A simple matplotlib representation. See circlify.bubbles helper function (requires matplotlib):

visualization of circlify circle packing of first 9 prime numbers.

Starting with version 0.10, circlify also handle hierarchical input so that:

>>> from pprint import pprint as pp
>>> import circlify as circ
>>> data = [
        0.05, {'id': 'a2', 'datum': 0.05},
        {'id': 'a0', 'datum': 0.8, 'children': [0.3, 0.2, 0.2, 0.1], },
        {'id': 'a1', 'datum': 0.1, 'children': [
            {'id': 'a1_1', 'datum': 0.05}, {'datum': 0.04}, 0.01],
        },
    ]
>>> circles = circ.circlify(data, show_enclosure=True)
>>> pp(circles)
[Circle(x=0.0, y=0.0, r=1.0, level=0, ex=None),
 Circle(x=-0.565803075997749, y=0.41097786651145324, r=0.18469903125906464, level=1, ex={'datum': 0.05}),
 Circle(x=-0.3385727489559141, y=0.7022188441650276, r=0.18469903125906464, level=1, ex={'id': 'a2', 'datum': 0.05}),
 Circle(x=-0.7387961250362587, y=0.0, r=0.2612038749637415, level=1, ex={'id': 'a1', 'datum': 0.1, 'children': [{'id': 'a1_1', 'datum': 0.05}, {'datum': 0.04}, 0.01]}),
 Circle(x=0.2612038749637414, y=0.0, r=0.7387961250362586, level=1, ex={'id': 'a0', 'datum': 0.8, 'children': [0.3, 0.2, 0.2, 0.1]}),
 Circle(x=-0.7567888163564136, y=0.14087823651338607, r=0.0616618704777984, level=2, ex={'datum': 0.01}),
 Circle(x=-0.8766762590444033, y=0.0, r=0.1233237409555968, level=2, ex={'datum': 0.04}),
 Circle(x=-0.6154723840806618, y=0.0, r=0.13788013400814464, level=2, ex={'id': 'a1_1', 'datum': 0.05}),
 Circle(x=0.6664952237042423, y=0.3369290873460549, r=0.2117455702848763, level=2, ex={'datum': 0.1}),
 Circle(x=-0.11288314691830154, y=-0.230392881357073, r=0.2994534572692975, level=2, ex={'datum': 0.2}),
 Circle(x=0.15631936804871832, y=0.30460197676548245, r=0.2994534572692975, level=2, ex={'datum': 0.2}),
 Circle(x=0.5533243963620484, y=-0.230392881357073, r=0.36675408601105247, level=2, ex={'datum': 0.3})]
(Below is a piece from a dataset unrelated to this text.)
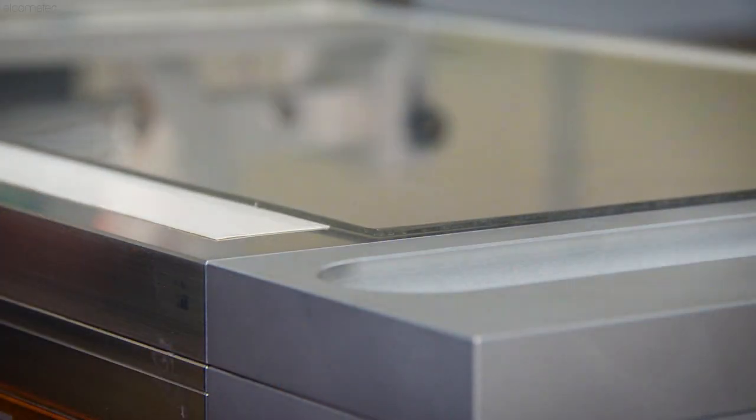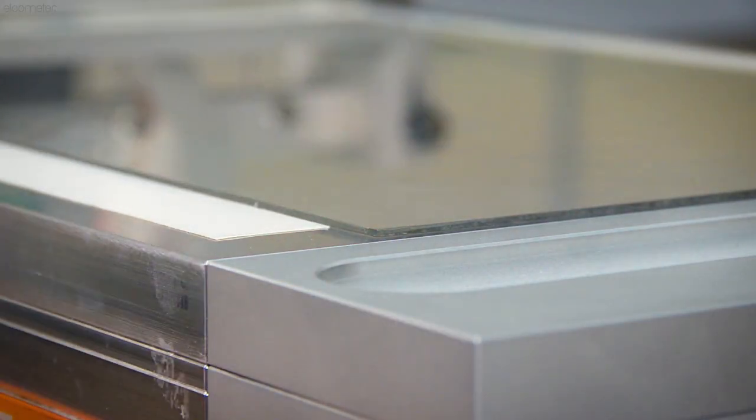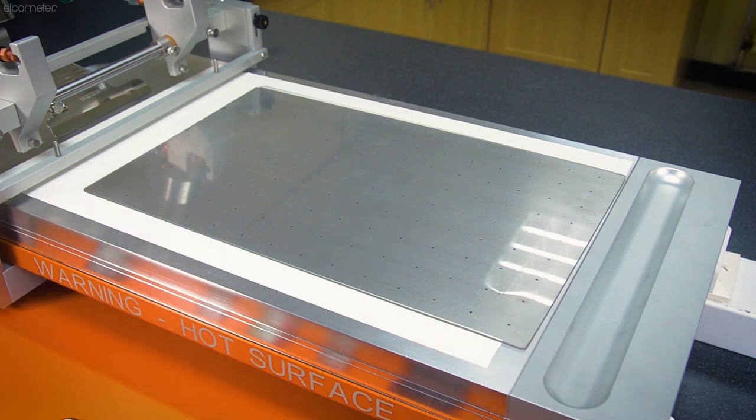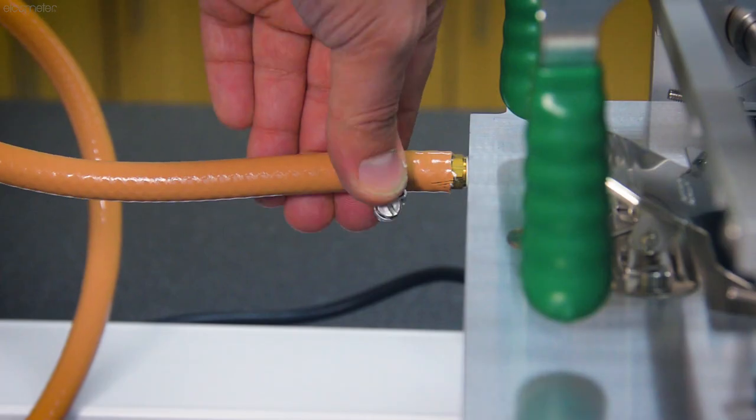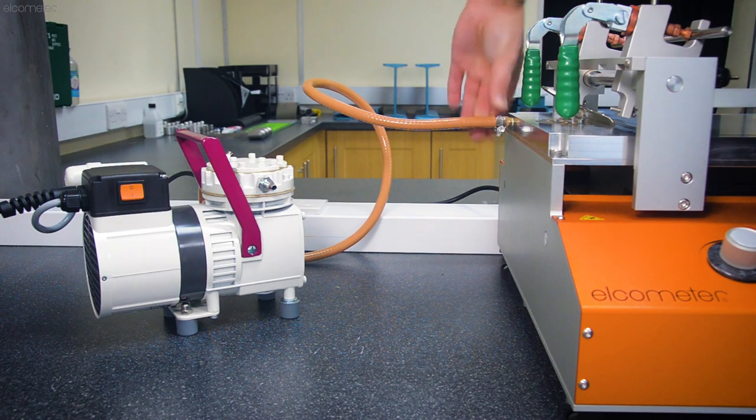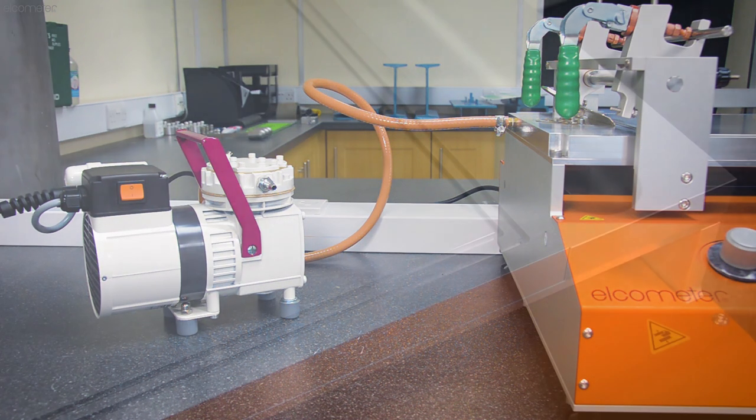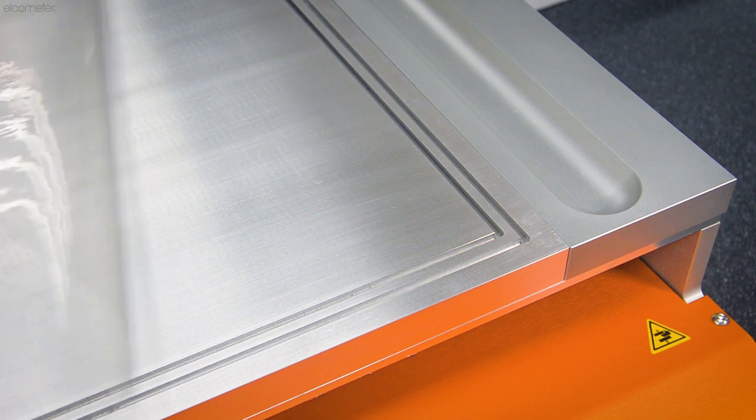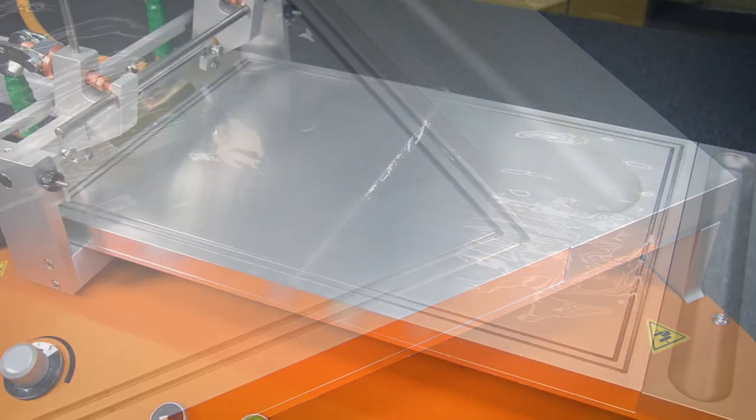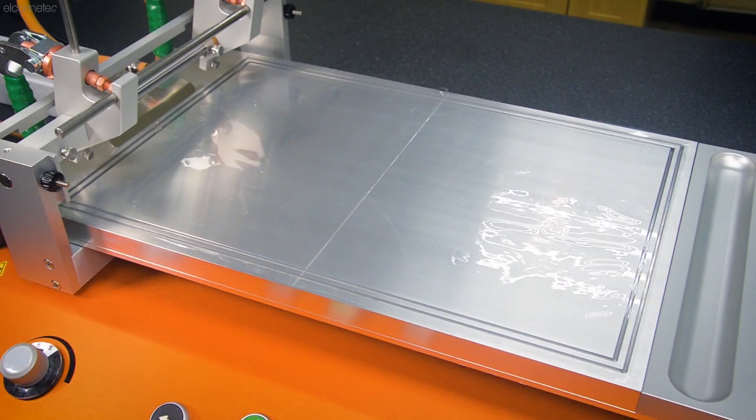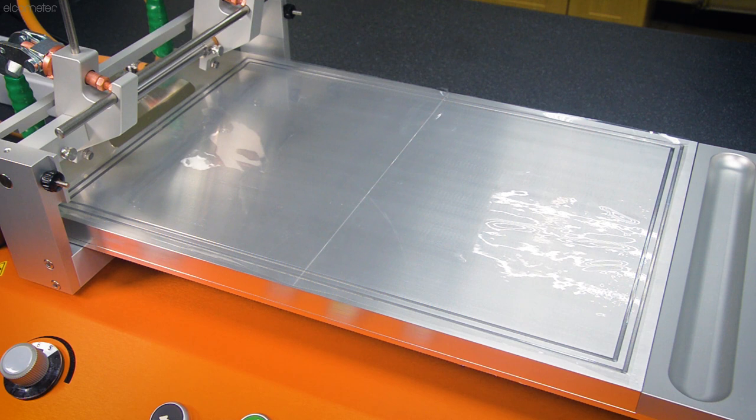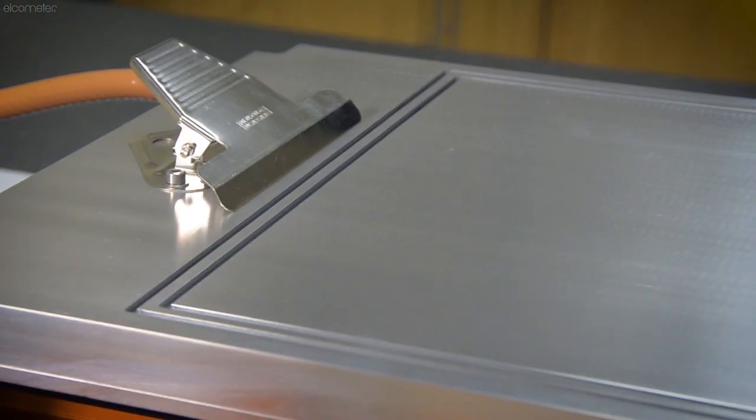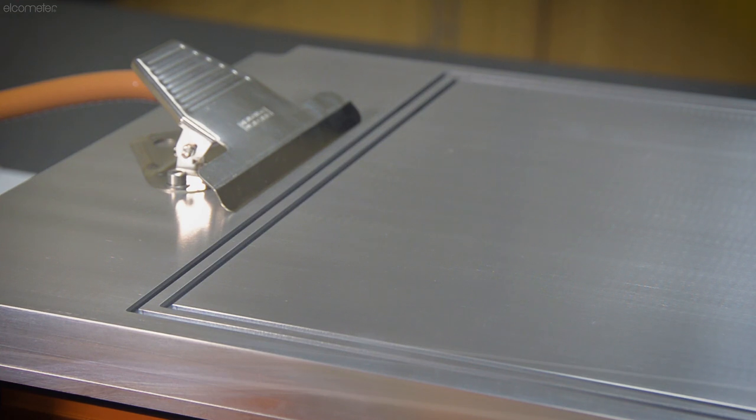When using a double channel vacuum table designed for thin substrates, the table is connected and started in the same way, but it only works with A3 sized substrates that completely cover the channels that run around the outside of the table. As the double channel table creates a vacuum from the edges rather than through perforations, this keeps the thin material flat and secure without creating irregularities.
A simple matplotlib representation. See circlify.bubbles helper function (requires matplotlib):

visualization of circlify nested circle packing for a hierarchical input.

Note that the area of the circles are proportional to the values passed in input only if the circles are at the same hierarchical level. For instance: circles a1_1 and a2 both have a value of 0.05, yet a1_1 is smaller than a2 because a1_1 is fitted within its parent circle a1 one level below the level of a2. In other words, the level 1 circles a1 and a2 are both proportional to their respective values but a1_1 is proportional to the values on level 2 witin a1.